The central language improvement for Java SE 8 is lambda expressions, or closures. But just as with LinQ in .NET, lambda expressions need to drag a number of additional features along with them — including SAM conversion, enhanced type inference, method references, and extension methods — in order to give users the full benefit.

Because lambda expressions — expressions representing functions — are a new sort of value in Java, we need a way to write down their type. Early proposals for lambda expressions in Java called for adding function types to the type system, such as "function from int to int." Function types are indeed the natural way to represent the type of a lambda expression, but unfortunately they interact badly with an existing language "feature": erasure. Because the natural way to represent a function type in the underlying bytecode would be to use generics, primitive types in function signatures would be boxed, and one would not be able to overload multiple methods that took function types, even if their arguments were completely different. Function types might be the natural way to express the type of a lambda, but erased function types are not.
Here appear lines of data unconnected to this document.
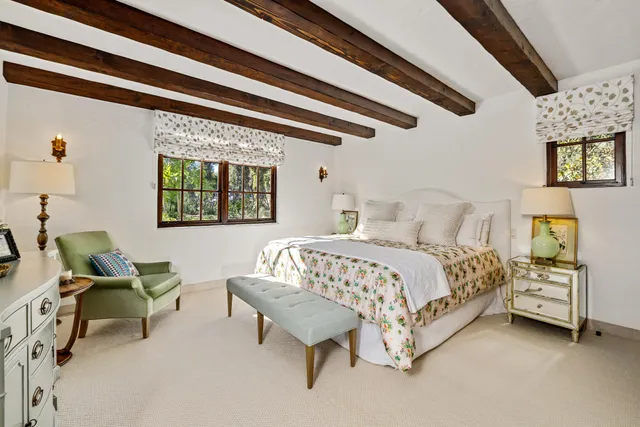 a bed sitting in a bedroom next to a window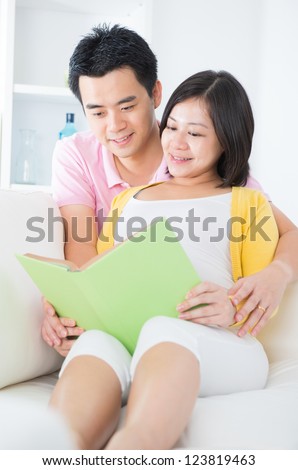 http://thumb10.shutterstock.com/display_pic_with_logo/85819/123819463/stock-photo-asian-couple-reading-book-on-sofa-happily-123819463.jpg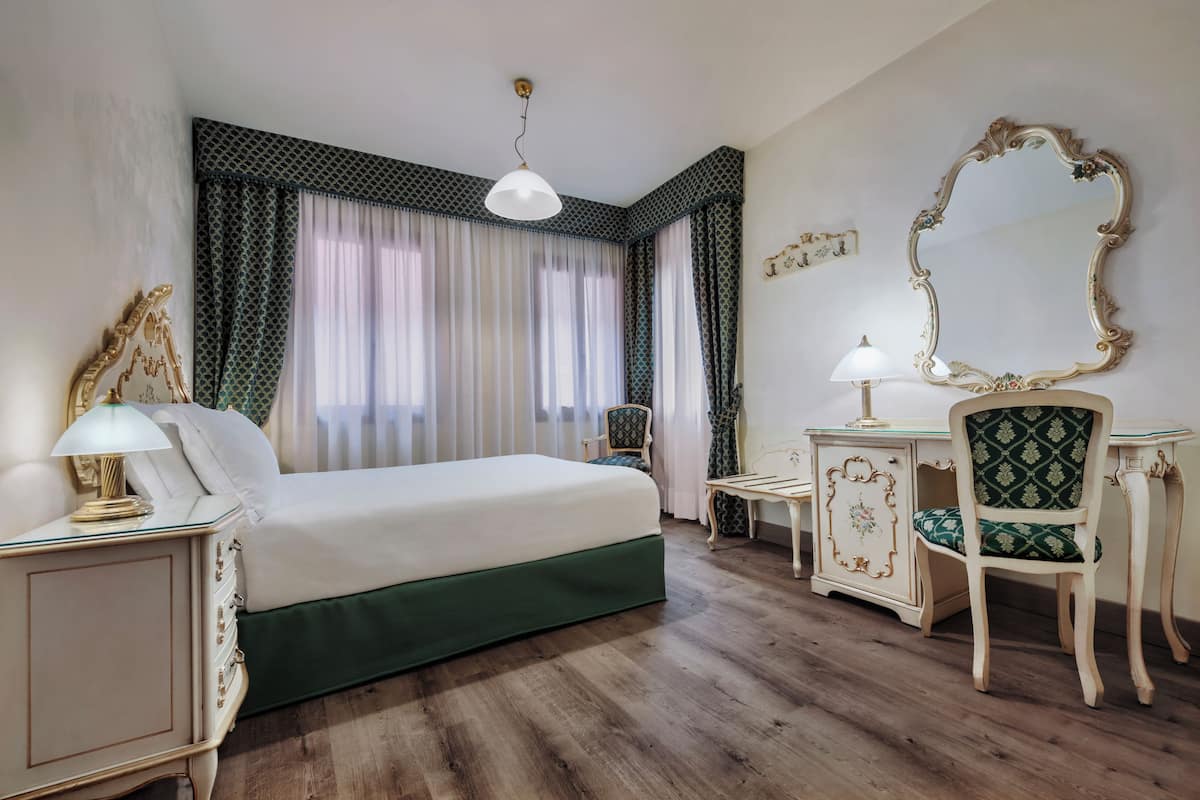 Standard dubbelrum eller tvåbäddsrum | Duntäcken, värdeförvaringsskåp på rummet och arbetsyta för laptop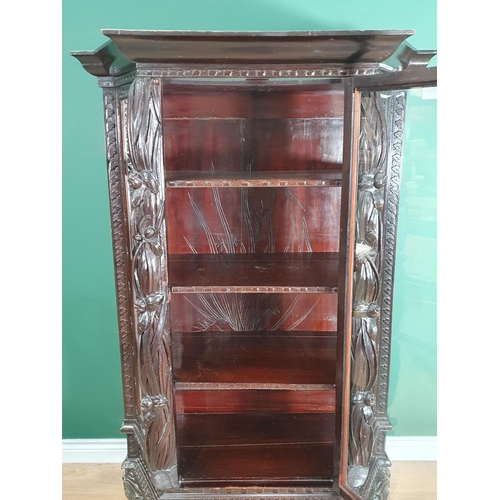 550 - An ebonised Display Cabinet with carved floral decoration and canted corners 5ft 4in H x 3ft 4in W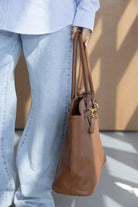 תיק יד חום לנשים, מבד דמוי עור עם ידיות כפולות, מותאם לאופנת רחוב, צולם על רקע בהיר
So instead of function types, lambda expressions in Java SE 8 will bring along a different friend, SAM conversion. SAM (Single Abstract Method) types are how we have represented functions in the Java language all along — interfaces with one method, like Runnable, Comparator, or ActionListener. If we build APIs with SAM types (many of which already exist in libraries), the compiler can convert between a lambda expression (which is like a function literal) and a SAM type whose argument types, return type, and exception types are compatible with the lambda expression. For example, the following code declares a Comparator<String> that compares strings by length and uses a lambda expression to define the Comparator:.

Comparator<String> c 
    = (String a, String b) -> a.length() — b.length();

Because the lambda expression has the right argument and return types, the compiler verifies that it can be converted into a Comparator<String> and generates the appropriate code for doing so. This is called SAM conversion.
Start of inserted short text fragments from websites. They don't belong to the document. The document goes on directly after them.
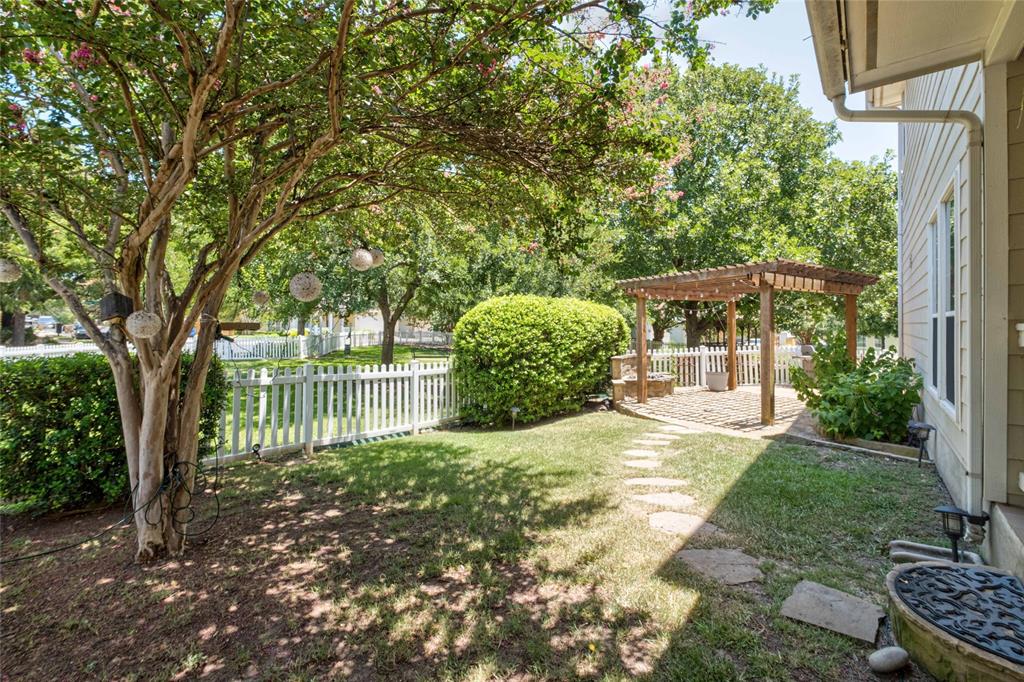 2730 Kinney Oaks Court Austin, TX 78704 - Photo 26 of 32 Mature trees shade a peaceful backyard lawn complete with a classic white picket fence.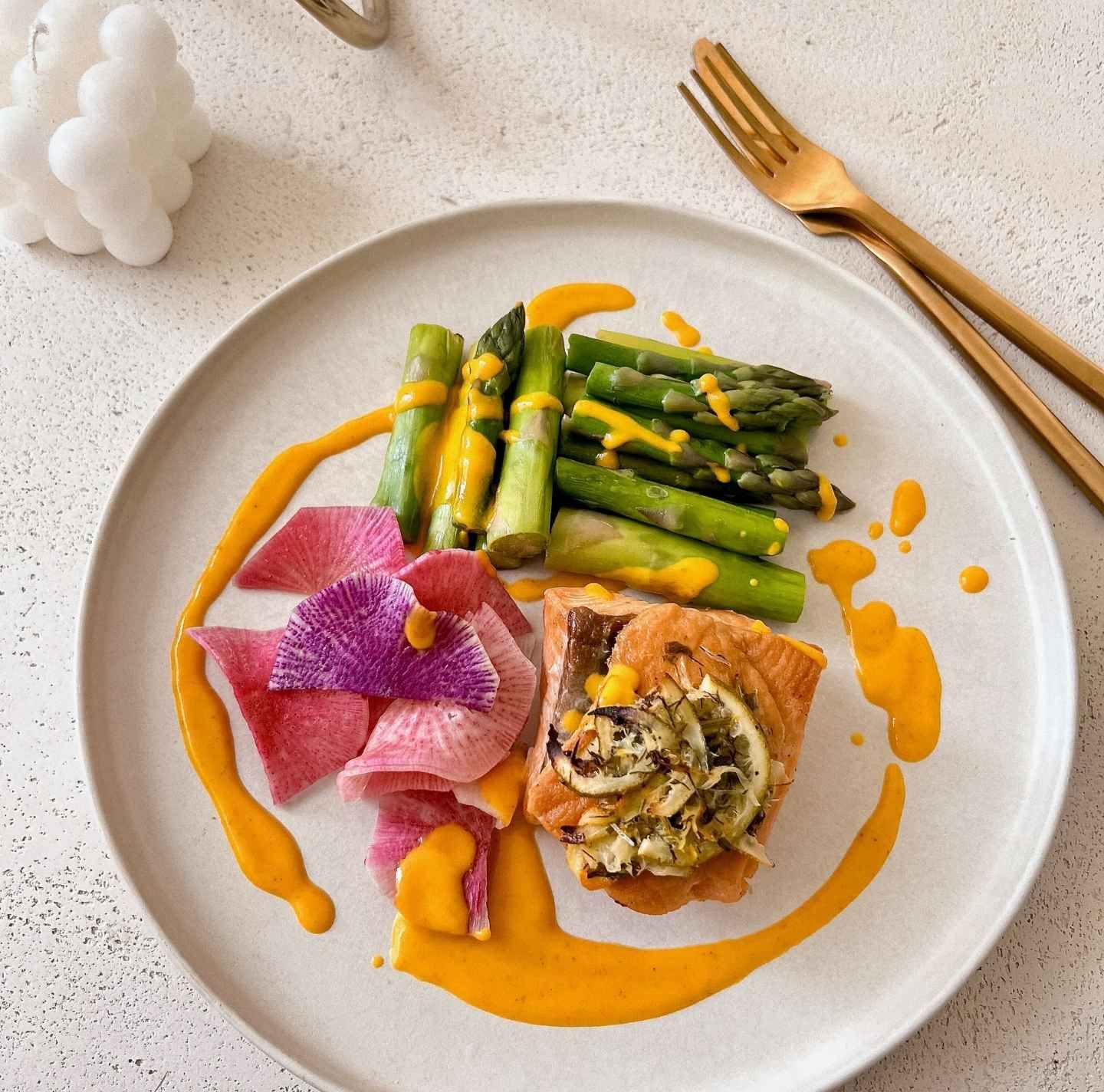 Paleo meal by Tricia Williams for Daily Dose featuring herb-crusted salmon with lemon, roasted asparagus, and vibrant watermelon radish, drizzled with a turmeric-infused sauce. A chef-crafted, nutrient-dense dinner designed for optimal health and longevity.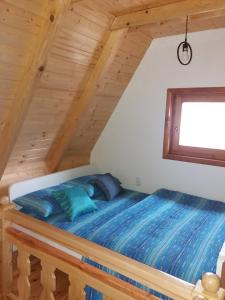 A bed or beds in a room at Vacation Home Nana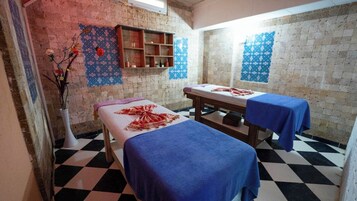 Ein Zimmer mit zwei Betten, einer kleinen Ablagefläche und einem gefliesten Boden.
The primary rationale for lambda expressions is to have a way to express code as data, so that code literals can be passed to libraries that will invoke them at convenient times. Another motivation is to reduce the verbosity of inner classes, which are currently the closest way to get this effect. Once you start down the path of eliminating redundant syntactic constructs, you often want to keep going down that path. So lambda expressions bring with them another friend — expanded type inference through target typing. Because the previous lambda expression is being assigned to a Comparator<String>, the explicit declaration that a and b are of type String is redundant — the compiler can usually figure this out for us. By using the type of the assignment context to infer the types of a and b, we can reduce this example to:

Comparator<String> c 
    = (a, b) -> a.length() — b.length();

If we had a collection of Person objects, and we wanted to sort that list by the last name of the Person, we would write this today as:

Collections.sort(people, new Comparator<Person>() { 
    Public int compare(Person a, Person b) { 
        return a.getLastName().compareTo(b.getLastName());
    }
}

Using a lambda expression, we can make this more compact:

Collections.sort(people, (a, b) -> 
    a.getLastName().compareTo(b.getLastName());

This is a big step forward in reducing verbosity but is still not any more abstract — it still forces the user to calculate the comparison function imperatively. With some small changes in the libraries, we can make better use of lambda expressions to separate out the central aspect of sorting — selection of a sort key. Because String is Comparable, the sort method should already know how to do the comparison after the sort key is extracted:

Collections.sortBy(people, p -> p.getLastName());

This is definitely getting better — the code is starting to read more like the problem statement "sort people by last name." But, as we strip away the boilerplate, we realize that the idiom used for extracting the sort key — here, the last name — is in itself somewhat convoluted. The lambda expression above does nothing but take its arguments (in this case, none) and pass them to an existing method, getLastName(), treating the first argument as the object on which to invoke the method. Although in this case it doesn't look so bad — because there are no extra arguments that would have to be given names (and these names repeated twice) — it would look much nicer just to name the method directly. A related feature, method references, lets us do this — refer to a method by name and treat it as a function-valued datum just like a lambda expression:

Collections.sortBy(people, Person::getLastName);

Finally, now that the boilerplate has been stripped away, it is even more obvious than it was before that the sortBy() method really shouldn't be a static method in some utility class, but instead an instance method on the collection. But, one of the unfortunate properties of interfaces is that once we specify them, we cannot add new methods without breaking existing implementations. The final feature being introduced along with lambda expressions is virtual extension methods, which allows us to add new methods to interfaces in a compatible way, by providing an (overridable) default implementation along with the method declaration. This will let us add lambda-friendly (and potentially parallel-friendly) methods like forEach() to List. By adding an extension method to List for sortBy(), our example now looks like:

people.sortBy(Person::getLastName);

Oddly, our final version doesn't use lambdas at all! But it embodies the central goal of adding lambda expressions to the language — the ability to capture portions of a computation such that they can be passed around as data, enabling us to more richly parameterize library functionality such as sorting. In this particular example, a method reference is a clearer expression of what we mean than a lambda expression, but the idea is the same.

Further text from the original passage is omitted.